Where Mr. Leigh goes overboard in class caricature is with Vera’s tailor son, Sid (Daniel Mays), who’s shown in a ghastly anti-nostalgic 50’s dance hall full of not-very-prepossessing young men and women jumping about to mildly Yank-influenced, brassy swing music. Later, Sid is at his pushiest as the only family member to scold his mother for disgracing the family. This despite the heartwarming support that Stan (Phil Davis), Vera’s mechanic husband, gives her in her hour of need.
One of Mr. Leigh’s more acerbic notes is struck by one of his regulars, Ruth Sheen, who, as the cynically manipulative Lily, steers frightened, unmarried, pregnant women to Vera, pockets the fees they pay and fobs off on Vera many of the black-market items she peddles on the side. In the end, Lily betrays Vera to the authorities after one of the young women nearly dies from the procedure.

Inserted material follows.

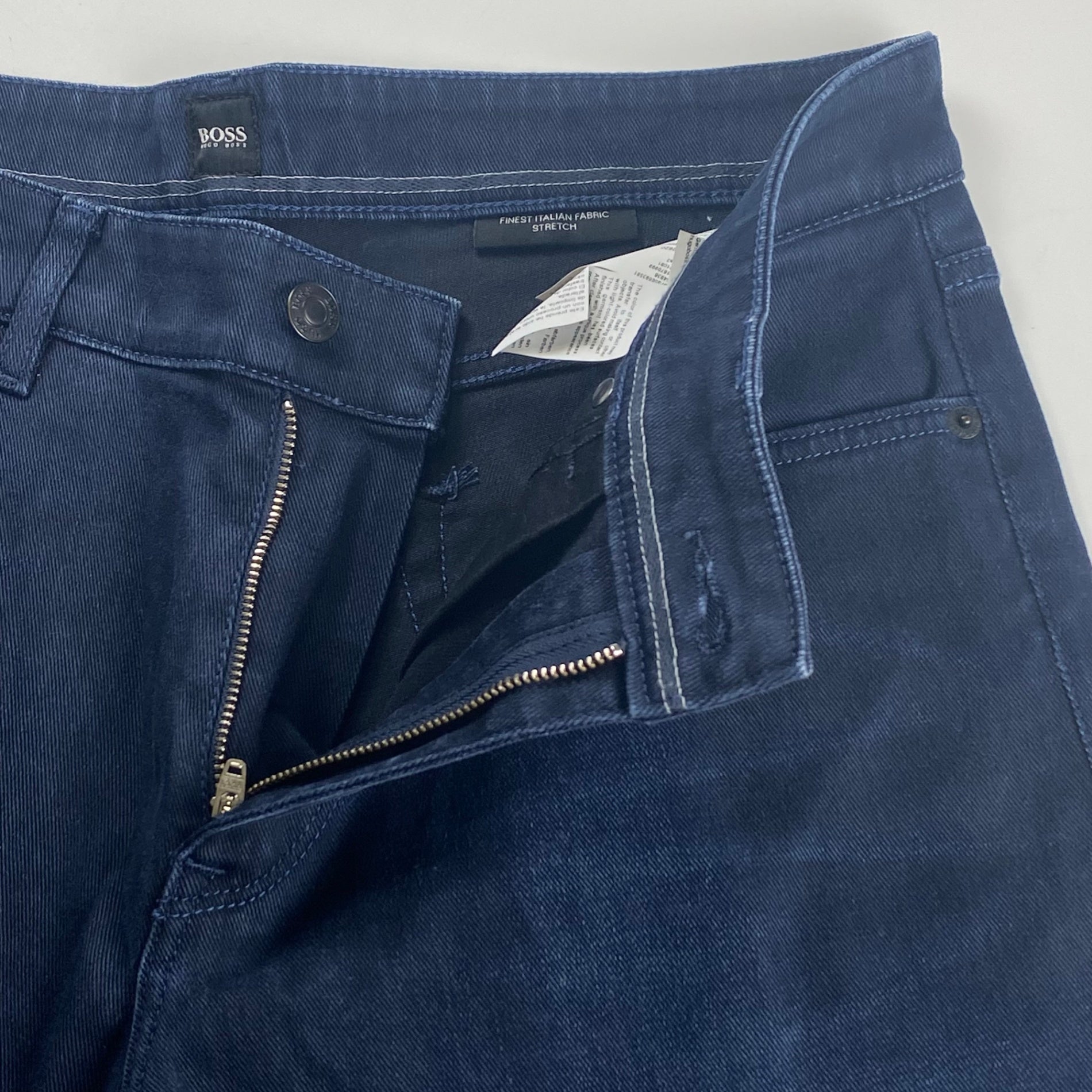 BOSS HUGO BOSS ボス ヒューゴボス / テーパード ストレッチ デニムパンツ デニムの名門Candiani社製 SIZE：W33 L32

Mr. Leigh is too realistic a filmmaker to have his characters indulge in anachronistic agitprop speeches; instead, we are supposedly left to fill in the dots for ourselves. All we’re really left with is the shame-filled spectacle of an old woman unable to cope with the burden placed on her by the coldly indifferent police and courts. Boo, hiss and all that—but I can report that the film left me only vaguely depressed and nothing more. In the final analysis, Vera has regressed from saintly cheer and generosity in helping others to a shame-filled puddle of tears pouring into the vast sea of despond, an uncomprehending woman full of doubt and despair who sinks without a trace. It certainly ain’t Aristotle.
Israeli Film Fest Highlights
The Israel Film Festival has just celebrated 20 years of showing the best in Israeli cinema in New York with an opening-night gala on Oct. 14, where award presentations were given to Matthew C. Blank, Martin Richards, Bob Balaban and Avi Nesher, the writer-director of Turn Left at the End of the World, the opening-night film. The festival screened 36 new Israeli films all in all, of which I’ve seen only Mr. Nesher’s and the closing-night film, Eran Riklis’ The Syrian Bride. Both films deserve a regular run on the local art-house circuit, but I never cease wondering why even good Israeli films have such tough sledding in a city with such a large Jewish population, a city in which Iranian films are infinitely more fashionable among the local intelligentsia. Don’t get me wrong: I like good Iranian films as much as anyone, but I’m always aware, even among the best of them, of the restrictions involved in the treatment of sensitive subjects. As far as I can see, there are no such restrictions in Israeli cinema—which, of course, is not a guarantee of artistic quality. Still, the best Israeli films deserve a chance to be seen.
Turn Left at the End of the World takes a somewhat comic view of a provincial Israeli backwater village populated largely by Jewish immigrants from India and Morocco, who have not found Israel to be the land of Golden Opportunity promised them by the various agencies of the Sharon government. There is no mincing of words in the charges of betrayal directed at the government.
One of the comic subtexts of the movie is the degree of Francophilia among the Moroccan Jews. The Moroccan housewives swear by French-made soap as fervently as the Indian Jews swear by English-made soap. But the most spectacular manifestation of Indian-Jewish Anglophilia is their fanatical devotion to cricket, a sport with which few, if any, Israelis have previously been acquainted.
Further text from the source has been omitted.